0

Is it possible to insert many rows into a table using one query in pyhdb?

Because when I have millions of records to insert, inserting each record in a loop is not very efficient.

Sandra Rossi
  • 11,934
  • 5
  • 22
  • 48
Sunil Kumar
  • 535
  • 6
  • 13

3 Answers3

2

In pyhdb cursors support the normal executemany() statement as described in the Python DB API specs (https://www.python.org/dev/peps/pep-0249/) - this way to can do bulk inserts.

Have you tried this?

ralhei
  • 756
  • 6
  • 5
2

To build off of @ralhei's answer, pyhdb.cursor.executemany() allows a SQL statement and a list of parameters.

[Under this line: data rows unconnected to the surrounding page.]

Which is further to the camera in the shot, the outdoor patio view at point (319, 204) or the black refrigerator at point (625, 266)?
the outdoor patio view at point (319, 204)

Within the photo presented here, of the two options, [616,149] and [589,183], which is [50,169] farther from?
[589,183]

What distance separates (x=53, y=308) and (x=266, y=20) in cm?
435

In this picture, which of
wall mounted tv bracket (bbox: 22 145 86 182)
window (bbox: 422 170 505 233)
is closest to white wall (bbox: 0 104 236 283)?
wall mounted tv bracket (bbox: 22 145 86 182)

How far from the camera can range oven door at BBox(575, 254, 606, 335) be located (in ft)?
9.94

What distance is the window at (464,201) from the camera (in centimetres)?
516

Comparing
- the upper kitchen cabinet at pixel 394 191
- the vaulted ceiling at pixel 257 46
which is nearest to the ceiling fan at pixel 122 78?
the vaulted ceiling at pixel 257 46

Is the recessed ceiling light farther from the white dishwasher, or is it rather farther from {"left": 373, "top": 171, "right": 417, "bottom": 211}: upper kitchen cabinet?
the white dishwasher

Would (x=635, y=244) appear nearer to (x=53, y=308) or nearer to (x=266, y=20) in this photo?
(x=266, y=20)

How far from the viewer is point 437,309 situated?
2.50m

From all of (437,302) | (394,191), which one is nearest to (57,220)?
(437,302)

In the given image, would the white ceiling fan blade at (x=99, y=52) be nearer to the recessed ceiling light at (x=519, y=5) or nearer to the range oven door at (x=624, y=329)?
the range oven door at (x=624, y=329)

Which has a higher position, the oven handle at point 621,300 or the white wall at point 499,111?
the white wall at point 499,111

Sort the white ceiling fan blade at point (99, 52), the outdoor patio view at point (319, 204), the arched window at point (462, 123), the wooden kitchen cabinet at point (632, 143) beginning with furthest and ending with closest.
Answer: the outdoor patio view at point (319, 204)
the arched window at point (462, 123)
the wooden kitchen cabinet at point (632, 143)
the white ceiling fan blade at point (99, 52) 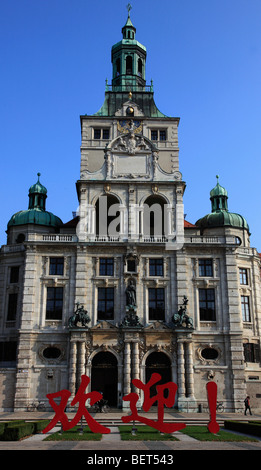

So if you have a three column table t1, you can insert rows this way

import pyhdb

# Open connection
connection = pyhdb.connect(
    host="example.com",
    port=30015,
    user="user",
    password="secret"
)
cursor = connection.cursor()

# Write data
parameters = [
  (1, 2, "3"),
  (4, 5, "6"),
]
query = 'INSERT INTO schema.t1 VALUES (?, ?, ?)'
cursor.executemany(query, parameters)

The parameters must have a known length though, so e.g. a generator expression cannot be use. This might be a problem if your computer cannot hold the entire list in memory or if your parameters list is bigger than HANA can receive! In this case, you should insert in batches like this:

# Helper function
def iter_chunks(iterator, chunk_size):
    """Split iterator into chucks

    https://stackoverflow.com/a/312466/6068036
    """
    res = []
    for item in iterator:
        res.append(item)
        if len(res) >= chunk_size:
            yield res
            res = []
    if res:
        yield res  # yield the last, incomplete, portion

# Write data
parameters = ...  # a generator expression or other Iterator
chunk_size = 1000
for chunk in iter_chunks(parameters, chunk_size):
  cursor.executemany(query, chunk)
AlexM
  • 1,020
  • 2
  • 17
  • 35
0

pyhdb executemany() is faster than simply execute() but for larger records even if you divide in chunks and use executemany() it still takes significant time.

For better and faster performance use string formatting like values (?, ?, ?...) instead of values('%s', '%s', '%s', ...)

This saves a lots of time that heavy type conversion uses on server side and gets response faster and hence faster execution.